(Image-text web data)
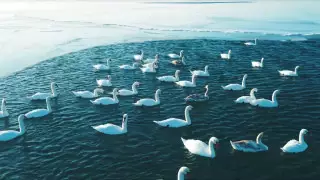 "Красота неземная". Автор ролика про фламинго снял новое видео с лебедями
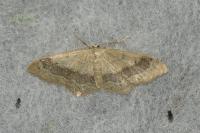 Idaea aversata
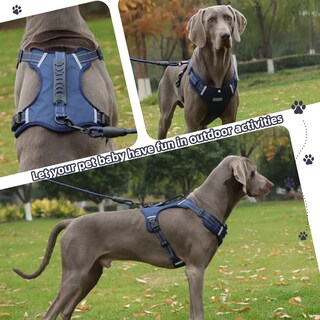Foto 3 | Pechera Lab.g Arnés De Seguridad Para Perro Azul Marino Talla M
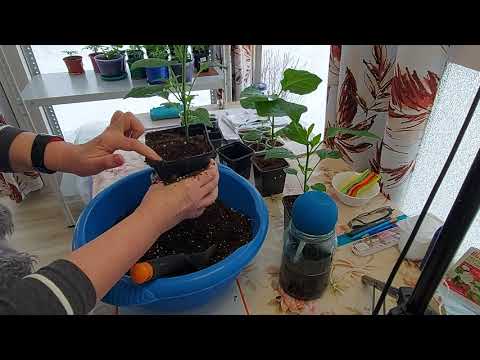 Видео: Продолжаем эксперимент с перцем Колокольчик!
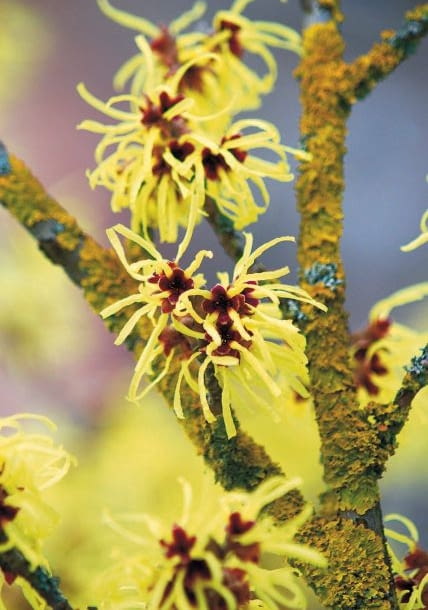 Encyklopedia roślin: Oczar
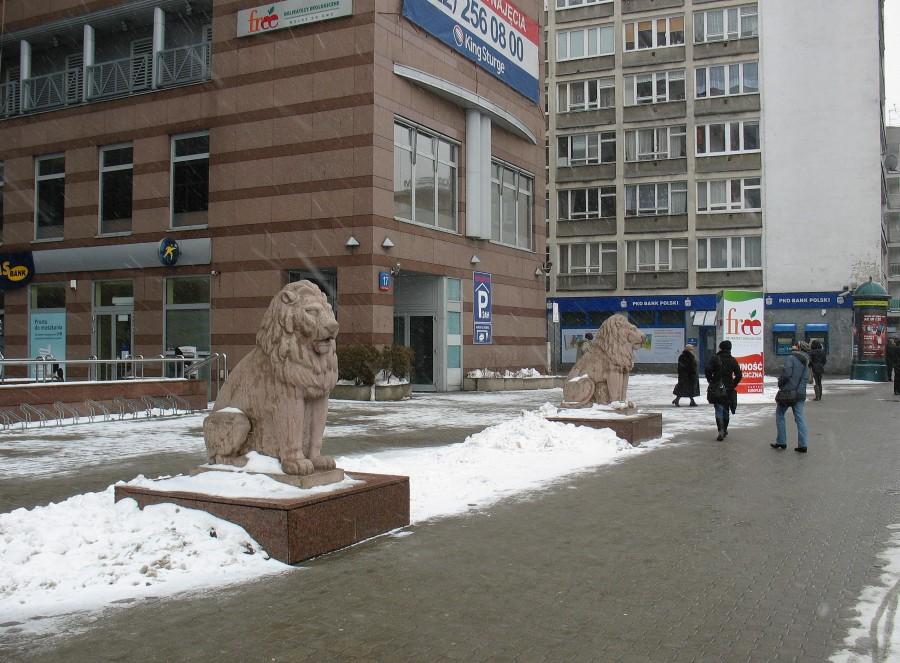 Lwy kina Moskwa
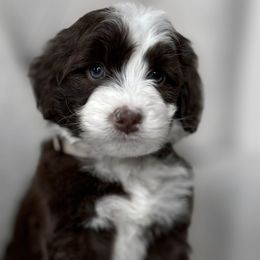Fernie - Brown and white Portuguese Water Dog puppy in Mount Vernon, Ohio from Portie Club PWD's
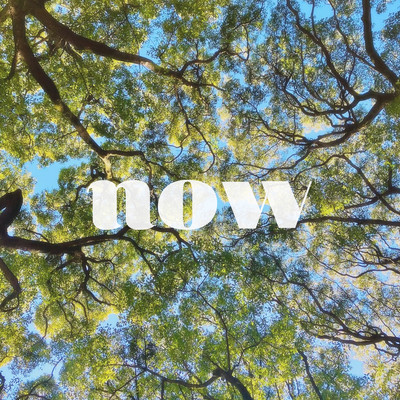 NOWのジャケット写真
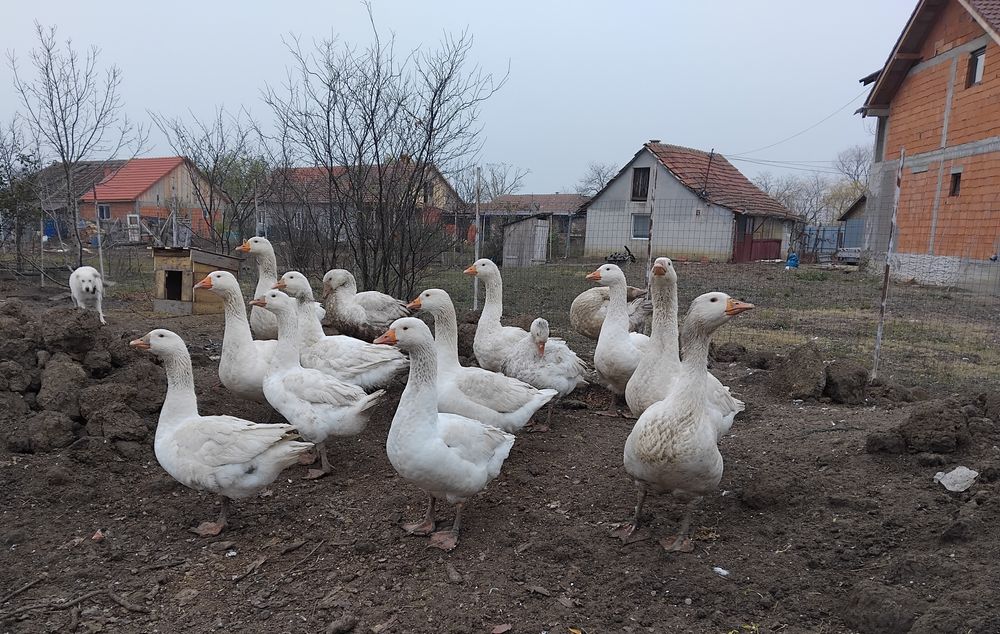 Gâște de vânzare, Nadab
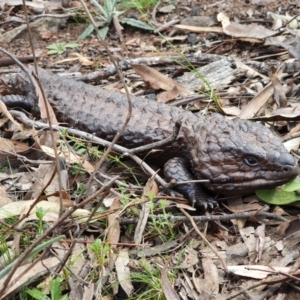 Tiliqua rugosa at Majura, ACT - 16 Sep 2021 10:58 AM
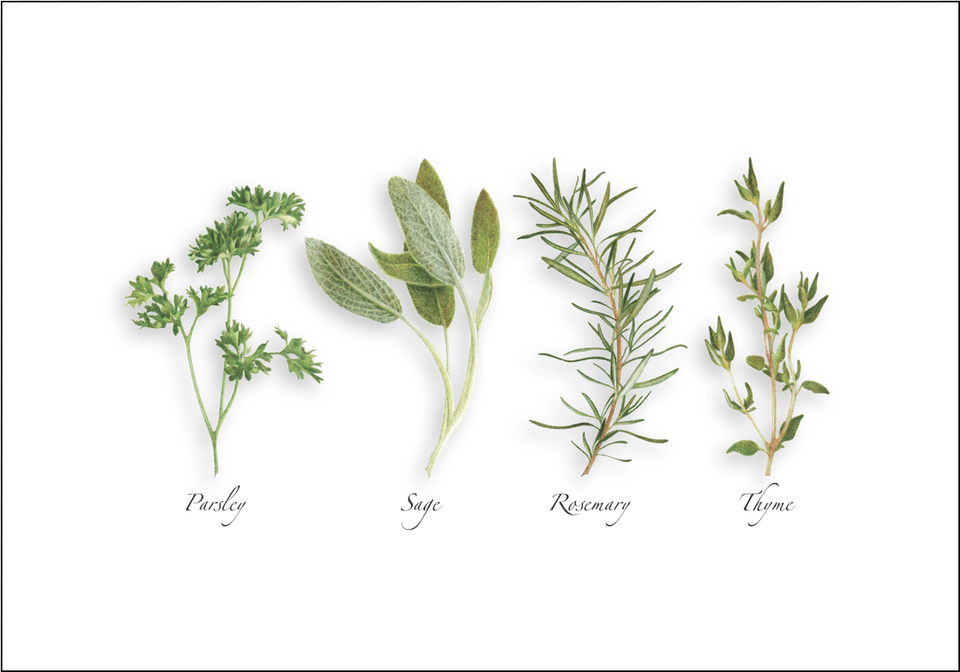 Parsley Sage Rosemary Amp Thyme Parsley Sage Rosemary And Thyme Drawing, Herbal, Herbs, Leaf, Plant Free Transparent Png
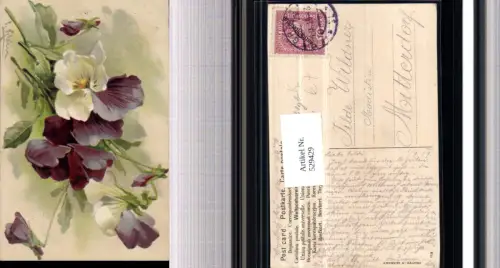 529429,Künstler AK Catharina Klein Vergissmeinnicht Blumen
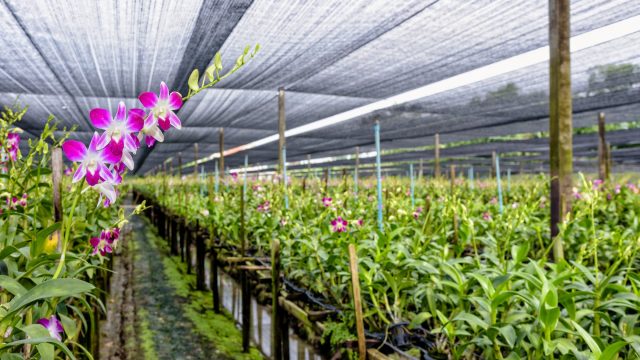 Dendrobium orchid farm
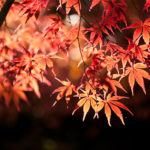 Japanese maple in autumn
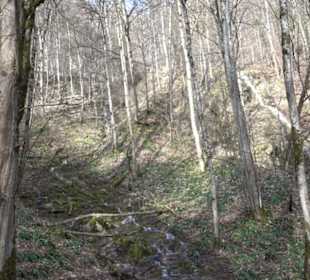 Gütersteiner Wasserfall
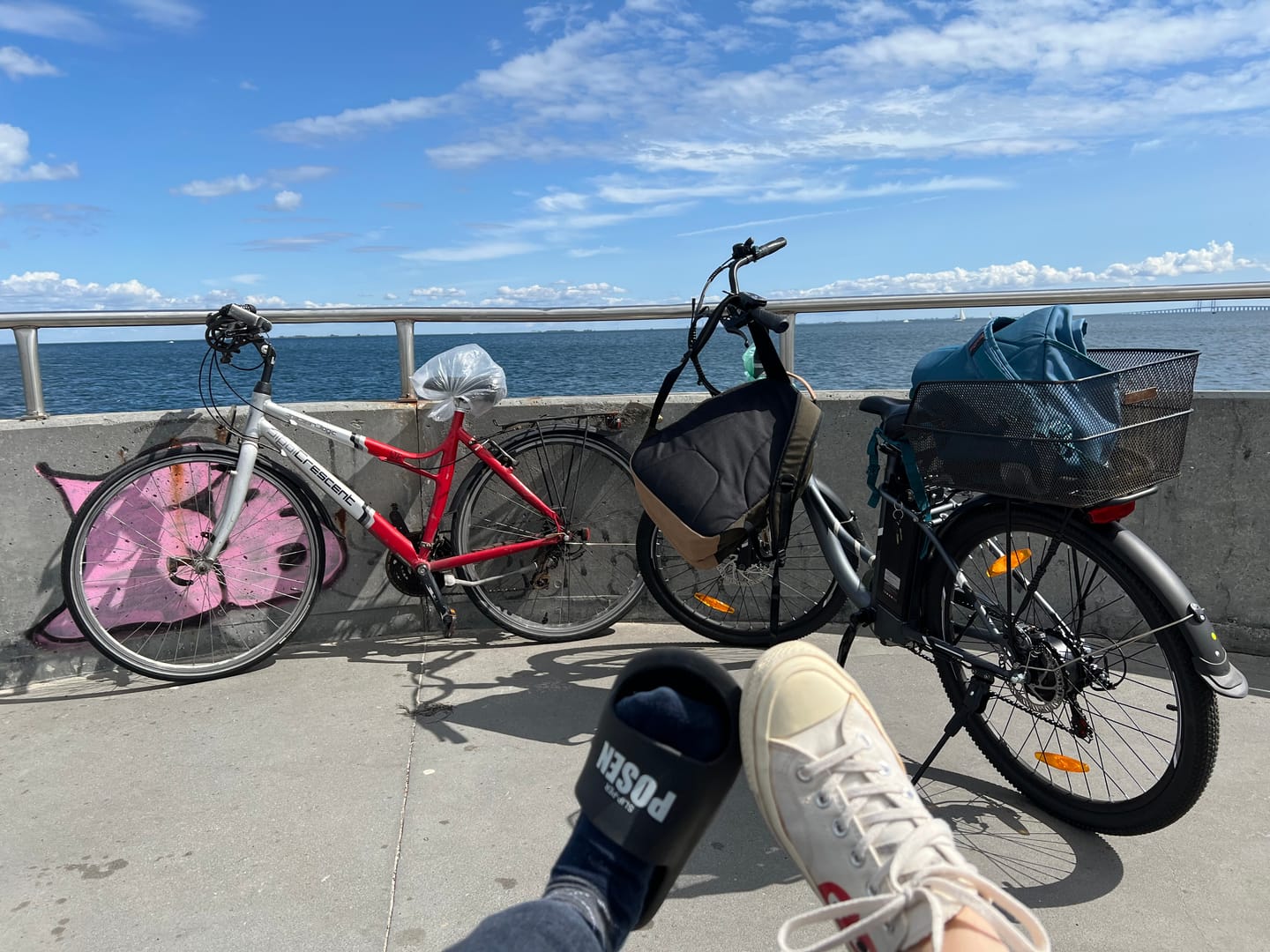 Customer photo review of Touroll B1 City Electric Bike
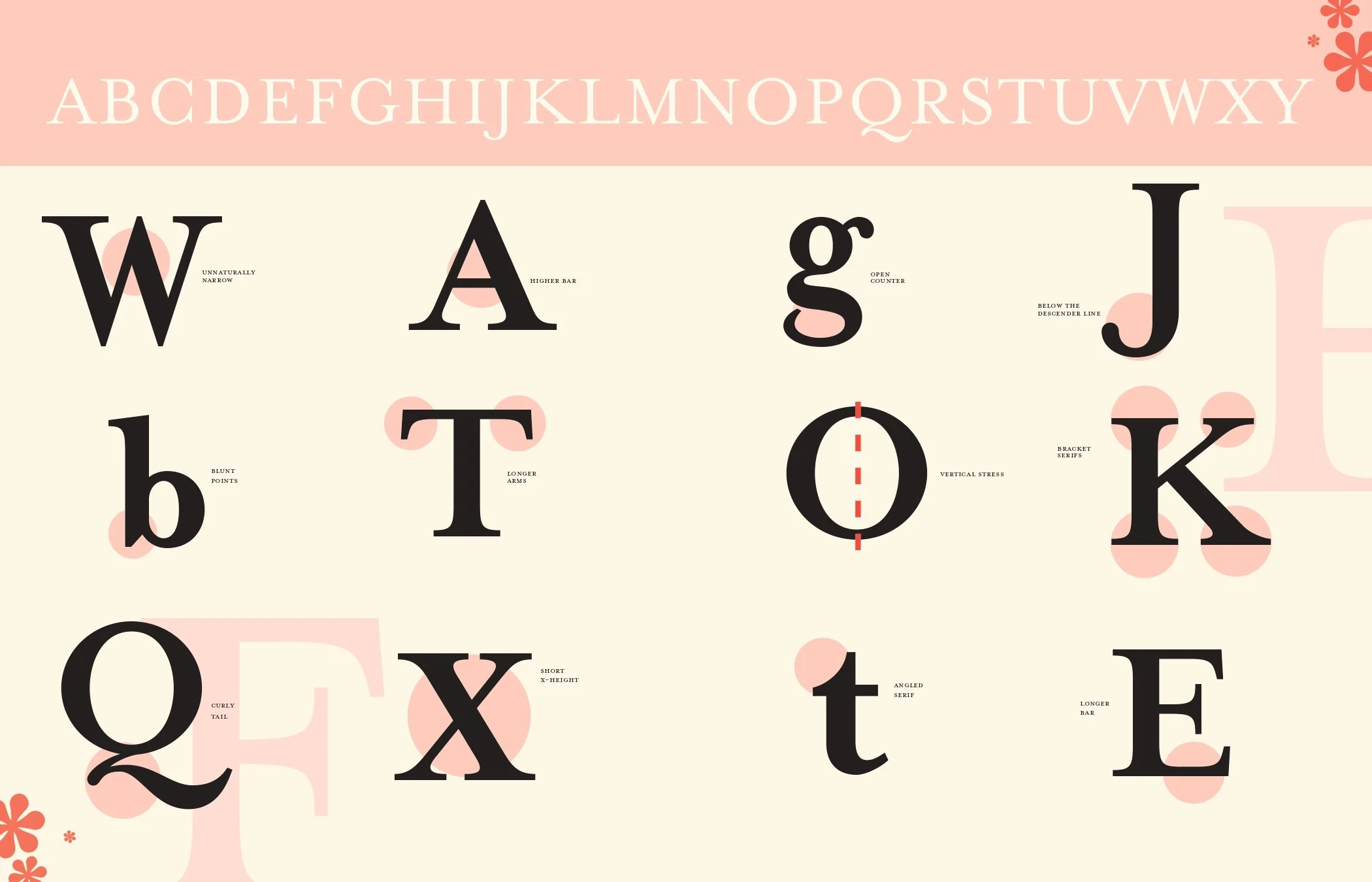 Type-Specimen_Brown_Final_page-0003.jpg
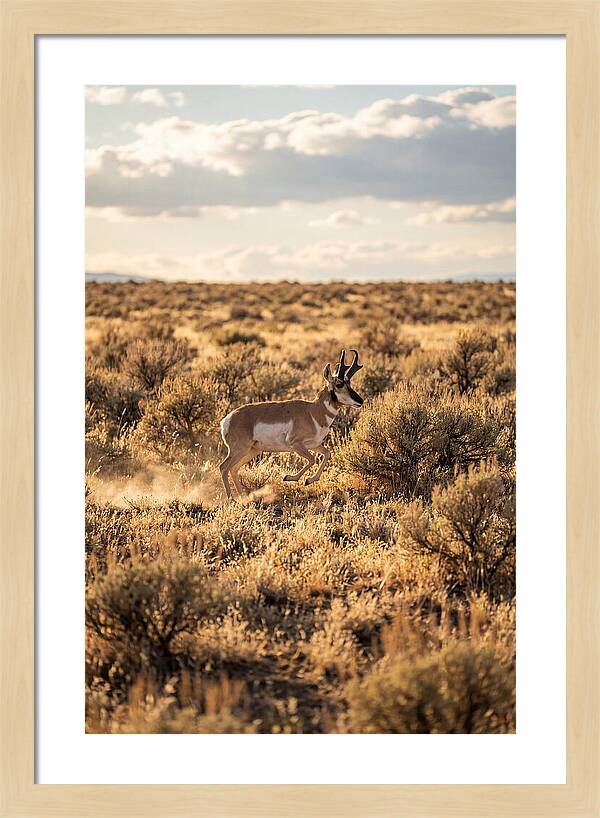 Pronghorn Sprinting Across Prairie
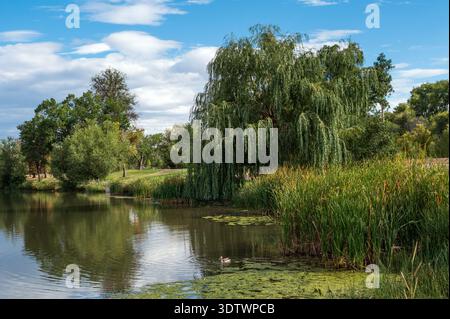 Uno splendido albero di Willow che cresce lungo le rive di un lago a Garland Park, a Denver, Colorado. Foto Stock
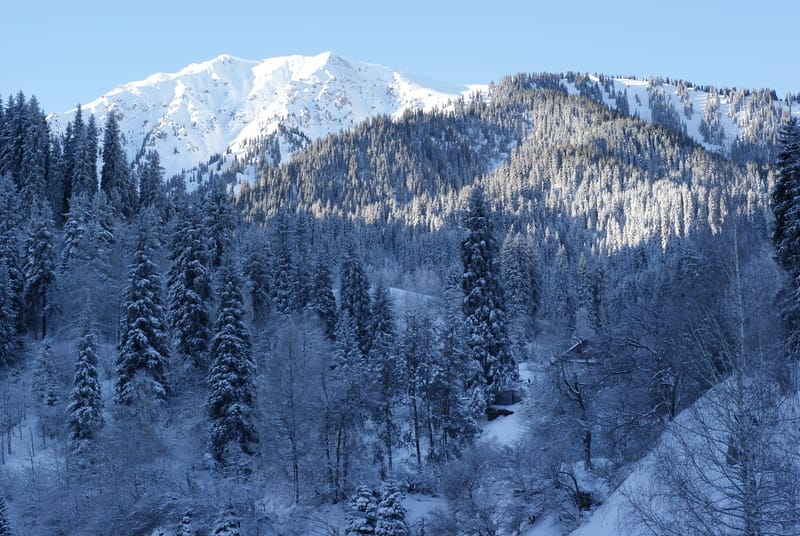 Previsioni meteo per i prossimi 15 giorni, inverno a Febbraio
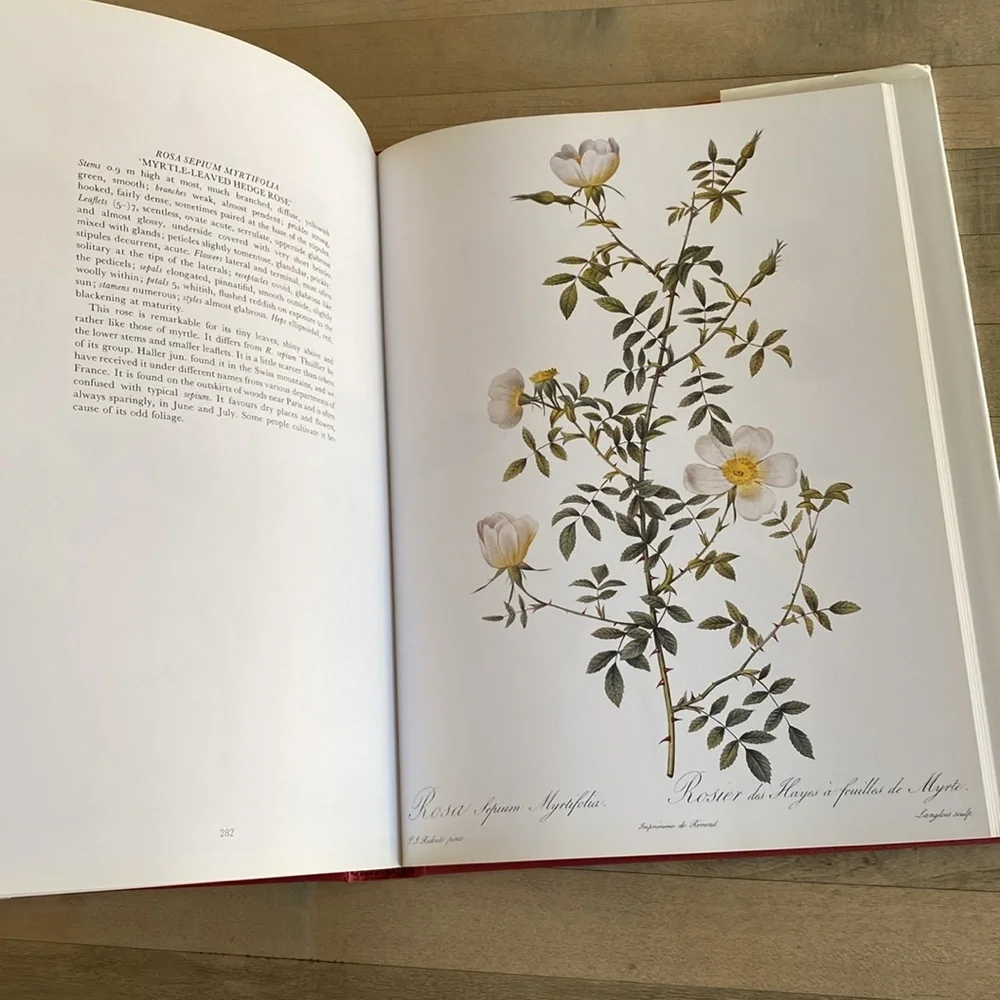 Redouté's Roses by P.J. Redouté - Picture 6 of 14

ASSIGNMENT
From the line containing "Fernie - Brown" through the line containing "Previsioni meteo per", copy every line above exactly, without pictures.

REPLY
Fernie - Brown and white Portuguese Water Dog puppy in Mount Vernon, Ohio from Portie Club PWD's
 NOWのジャケット写真
 Gâște de vânzare, Nadab
 Tiliqua rugosa at Majura, ACT - 16 Sep 2021 10:58 AM
 Parsley Sage Rosemary Amp Thyme Parsley Sage Rosemary And Thyme Drawing, Herbal, Herbs, Leaf, Plant Free Transparent Png
 529429,Künstler AK Catharina Klein Vergissmeinnicht Blumen
 Dendrobium orchid farm
 Japanese maple in autumn
 Gütersteiner Wasserfall
 Customer photo review of Touroll B1 City Electric Bike
 Type-Specimen_Brown_Final_page-0003.jpg
 Pronghorn Sprinting Across Prairie
 Uno splendido albero di Willow che cresce lungo le rive di un lago a Garland Park, a Denver, Colorado. Foto Stock
 Previsioni meteo per i prossimi 15 giorni, inverno a Febbraio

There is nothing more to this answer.